Quote each line of the material verbatim, without the pictures.

▼

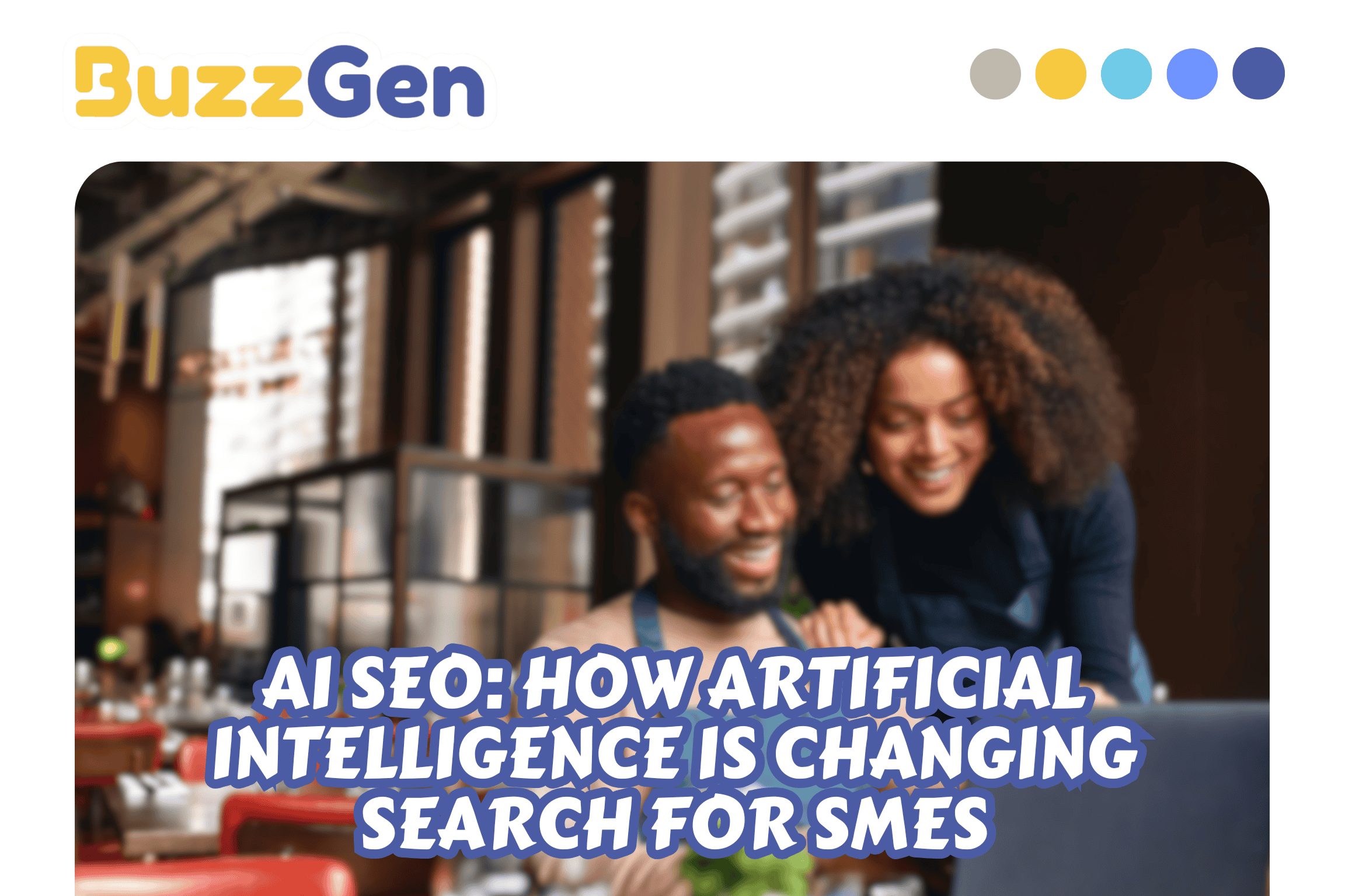 AI SEO: How Artificial Intelligence Is Changing Search for Small Businesses in the UK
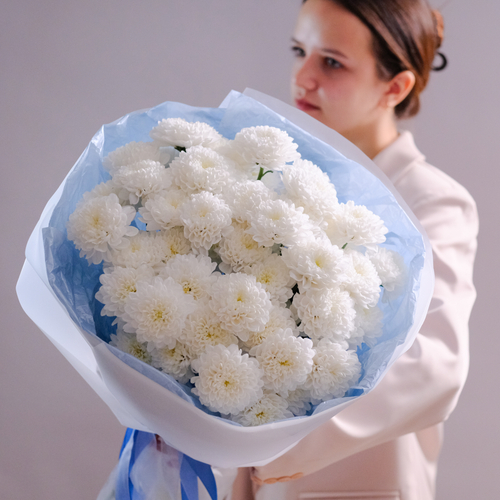 Купить Букет из кустовых хризантем Алтай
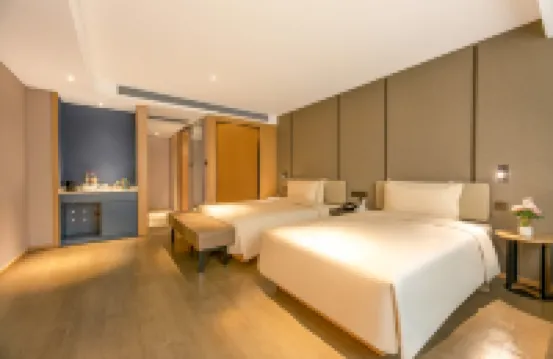 西安西京醫院康復路地鐵站亞朵飯店 西安幸福林帶動之谷-茂林流芳區附近的飯店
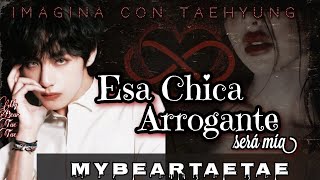 Cuando llamas la Atención del Chico Millonario 💧🔥Imagina con Taehyung COMPLETO CU [upl. by Lillis]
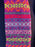 Rackwick Fair Isle Wild Lupin Scarf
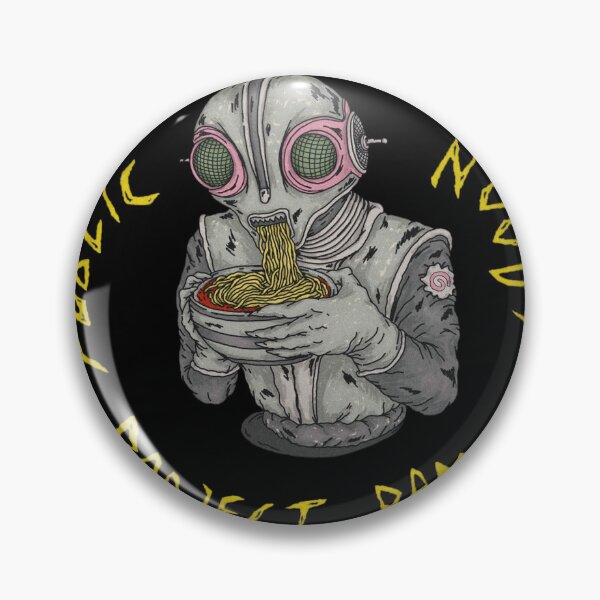 Item preview, Alien Public Noodles Project Ramen designed and sold by embegestudio.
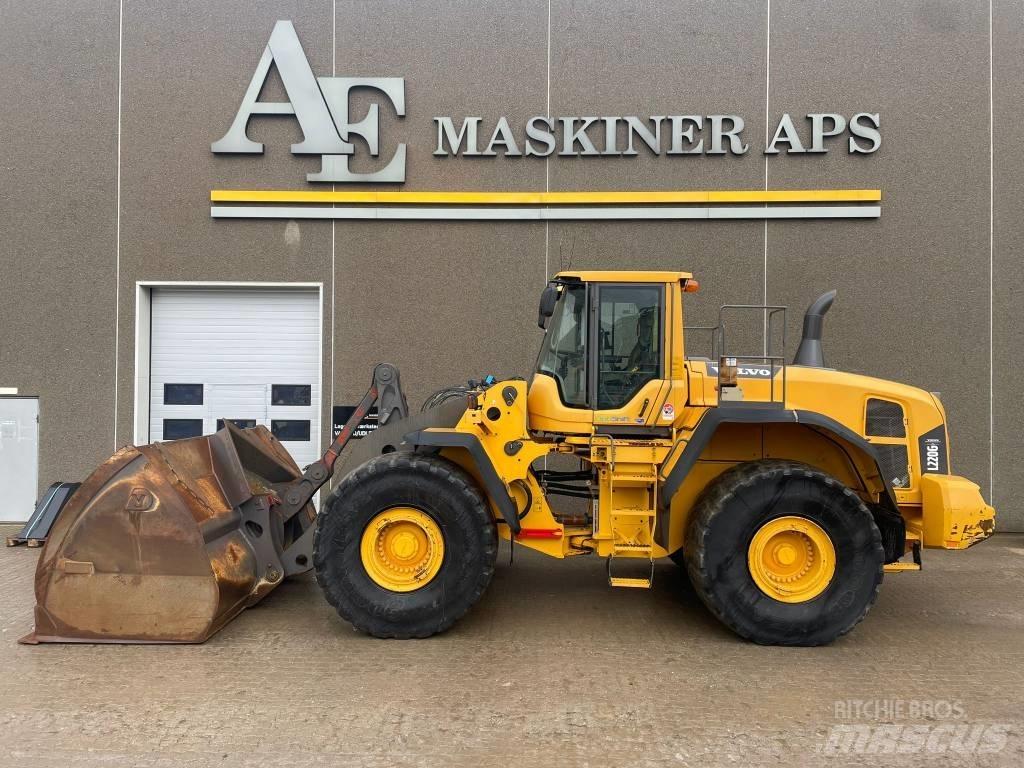 Volvo L220G Utovarivači na kotačima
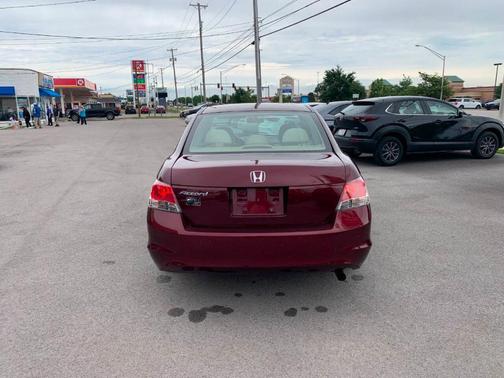 Red 2009 Honda Accord LX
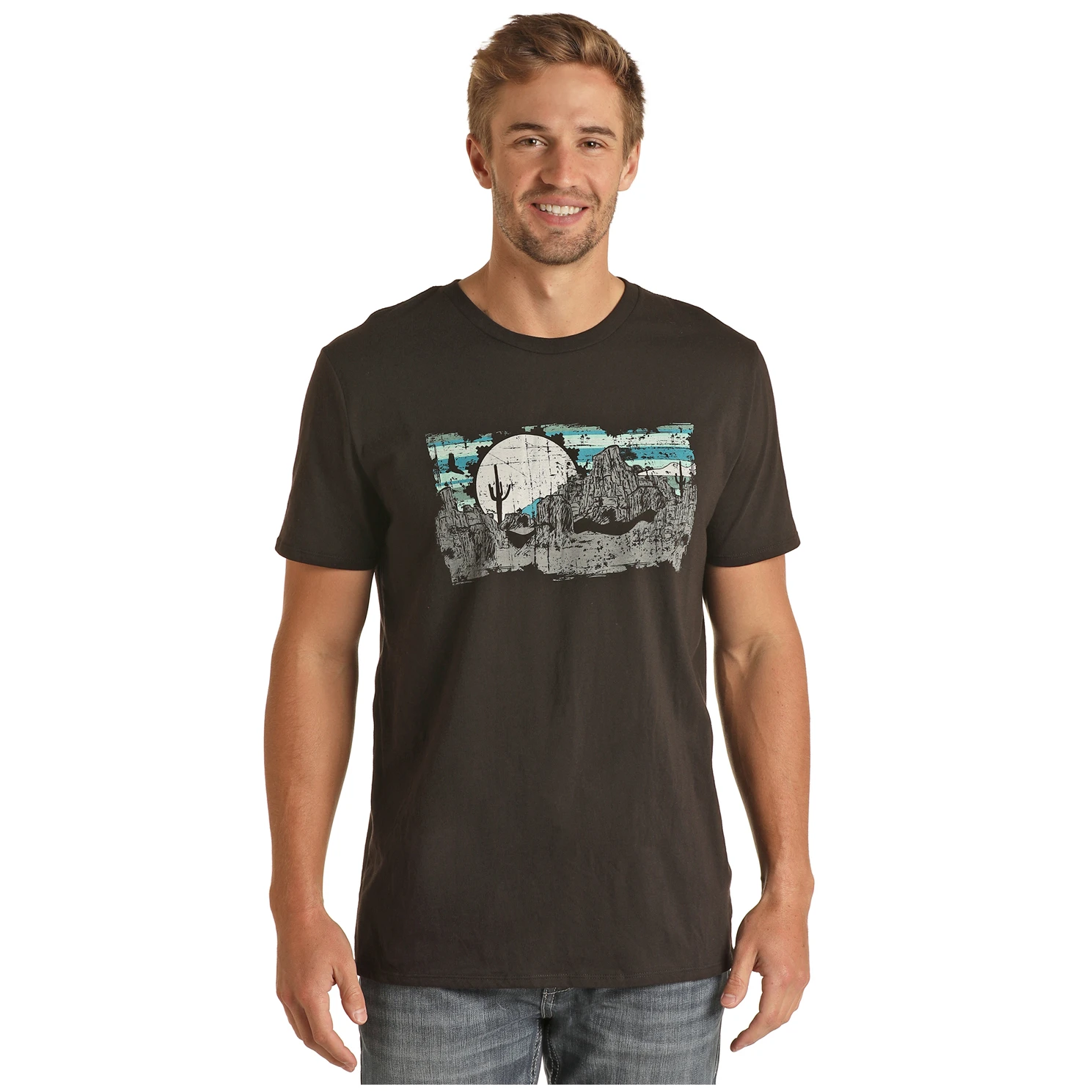 Panhandle® Unisex Graphic Black T-Shirt RRUT21R065-01 1 Panhandle® Unisex Graphic Black T-Shirt RRUT21R065-01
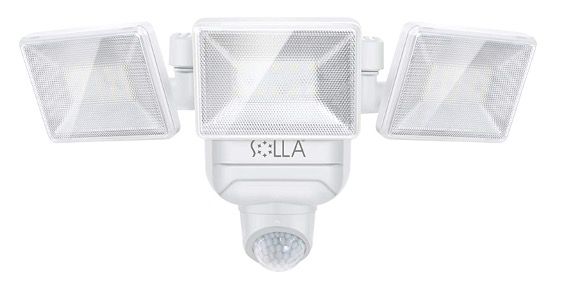 SOLLA LED Aussenleuchte mit Bewegungsmelder 750lm 5000K IP65 für 14,99€ (statt 30€)
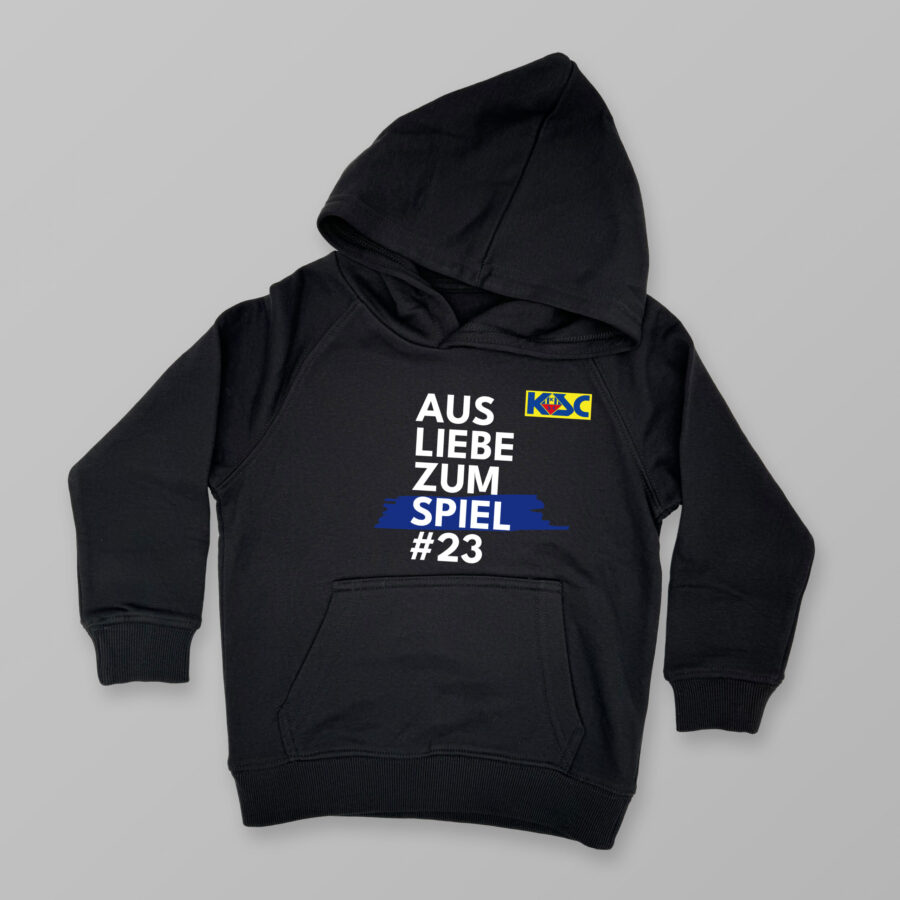 Aus Liebe zum Spiel – Unisex Hoodie Kamener SC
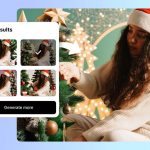 How Pippit’s AI Tool Makes Christmas Background Creation Effortless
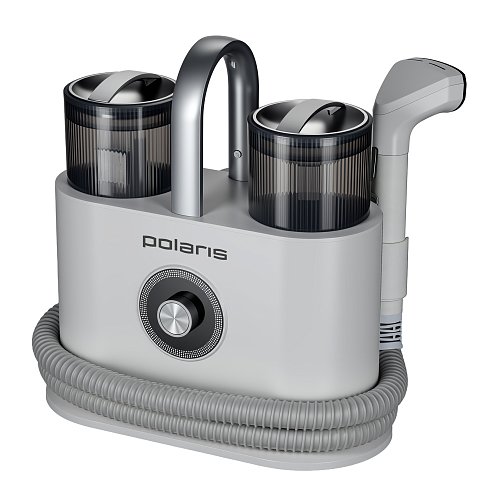 Пилосос миючий для меблів та килимів з подачею пари Polaris PCW 1445 Steam Clean Pro фото 1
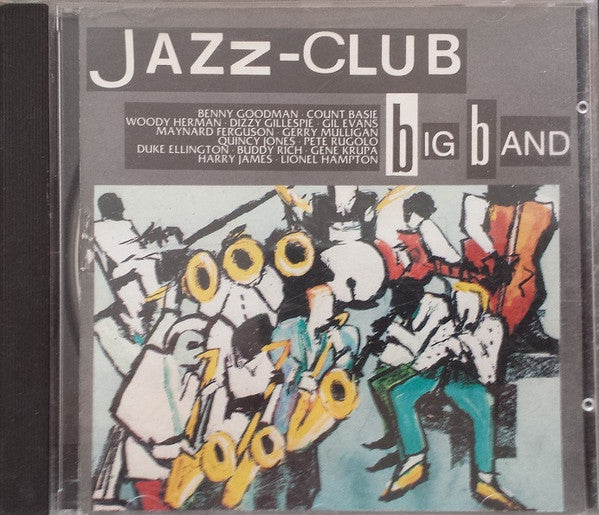 Various : Jazz-Club · Big Band (CD, Comp)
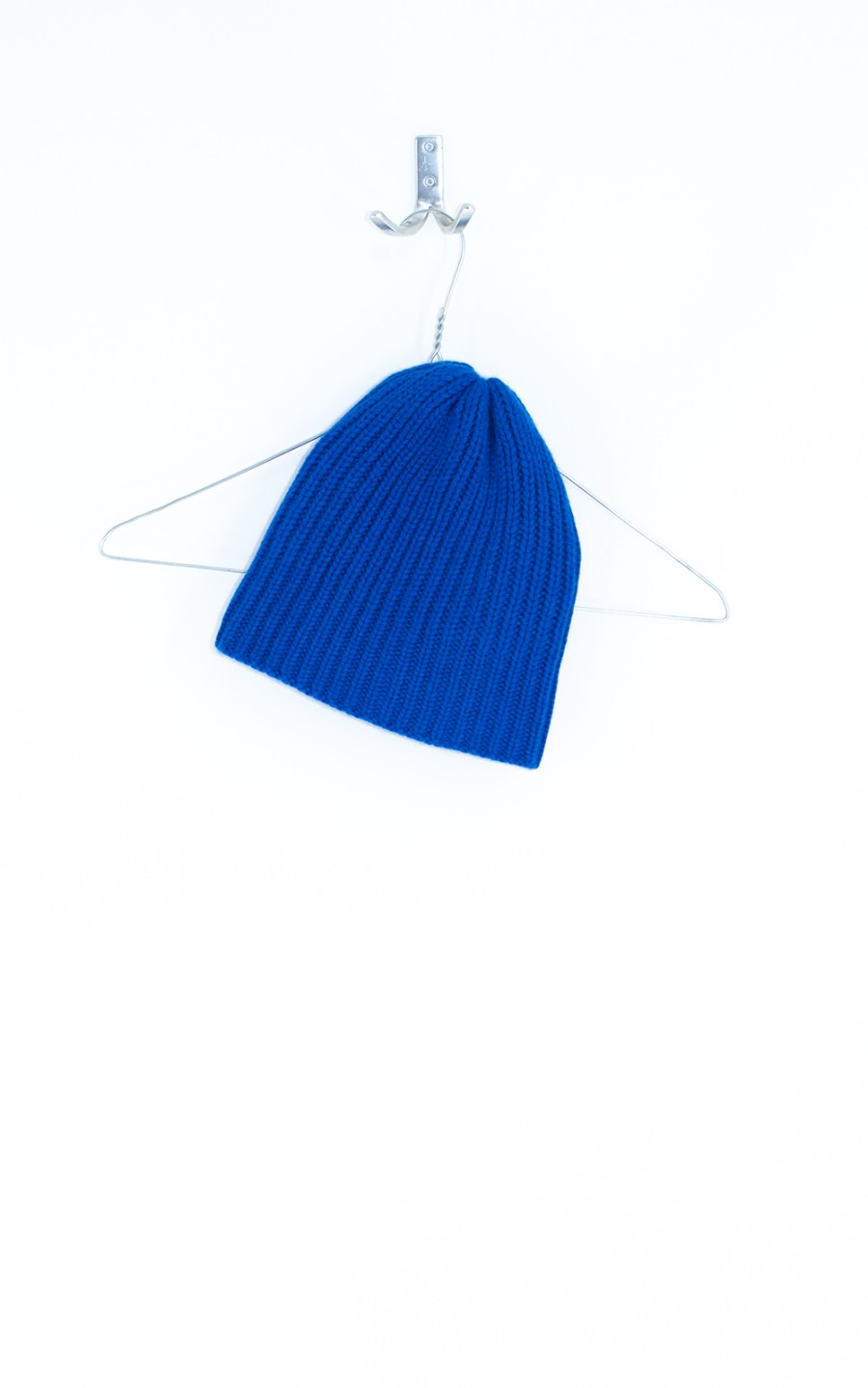 Women Petit Calin Mutzen | Cashmere Rippenbeanie - Farbe Majolica - Petit Calin Hamburg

▲

ANSWER TO THE PROBLEM:
 AI SEO: How Artificial Intelligence Is Changing Search for Small Businesses in the UK
 Купить Букет из кустовых хризантем Алтай
 西安西京醫院康復路地鐵站亞朵飯店 西安幸福林帶動之谷-茂林流芳區附近的飯店
 Cuando llamas la Atención del Chico Millonario 💧🔥Imagina con Taehyung COMPLETO CU [upl. by Lillis]
 Rackwick Fair Isle Wild Lupin Scarf
 Item preview, Alien Public Noodles Project Ramen designed and sold by embegestudio.
 Volvo L220G Utovarivači na kotačima
 Red 2009 Honda Accord LX
 Panhandle® Unisex Graphic Black T-Shirt RRUT21R065-01 1 Panhandle® Unisex Graphic Black T-Shirt RRUT21R065-01
 SOLLA LED Aussenleuchte mit Bewegungsmelder 750lm 5000K IP65 für 14,99€ (statt 30€)
 Aus Liebe zum Spiel – Unisex Hoodie Kamener SC
 How Pippit’s AI Tool Makes Christmas Background Creation Effortless
 Пилосос миючий для меблів та килимів з подачею пари Polaris PCW 1445 Steam Clean Pro фото 1
 Various : Jazz-Club · Big Band (CD, Comp)
 Women Petit Calin Mutzen | Cashmere Rippenbeanie - Farbe Majolica - Petit Calin Hamburg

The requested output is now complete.